| Source material |
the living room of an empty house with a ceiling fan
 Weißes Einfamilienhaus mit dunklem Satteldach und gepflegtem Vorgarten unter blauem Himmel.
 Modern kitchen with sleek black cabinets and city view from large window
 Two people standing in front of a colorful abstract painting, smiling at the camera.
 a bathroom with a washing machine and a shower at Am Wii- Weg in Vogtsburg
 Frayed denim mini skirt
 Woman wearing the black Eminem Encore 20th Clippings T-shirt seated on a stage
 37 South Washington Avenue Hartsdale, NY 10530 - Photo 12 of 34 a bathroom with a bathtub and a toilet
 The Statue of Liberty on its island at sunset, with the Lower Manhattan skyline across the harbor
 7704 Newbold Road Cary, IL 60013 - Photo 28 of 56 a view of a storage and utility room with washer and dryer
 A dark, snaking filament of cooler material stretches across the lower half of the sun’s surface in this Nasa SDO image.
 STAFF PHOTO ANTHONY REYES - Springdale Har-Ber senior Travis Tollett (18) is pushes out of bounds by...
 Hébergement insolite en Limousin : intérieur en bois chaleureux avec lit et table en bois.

| Exercise instructions |
When the line containing "The Statue of" is found in the records above, restate it and every later line word for word through the last one, and nothing more.

| Exercise answer |
 The Statue of Liberty on its island at sunset, with the Lower Manhattan skyline across the harbor
 7704 Newbold Road Cary, IL 60013 - Photo 28 of 56 a view of a storage and utility room with washer and dryer
 A dark, snaking filament of cooler material stretches across the lower half of the sun’s surface in this Nasa SDO image.
 STAFF PHOTO ANTHONY REYES - Springdale Har-Ber senior Travis Tollett (18) is pushes out of bounds by...
 Hébergement insolite en Limousin : intérieur en bois chaleureux avec lit et table en bois.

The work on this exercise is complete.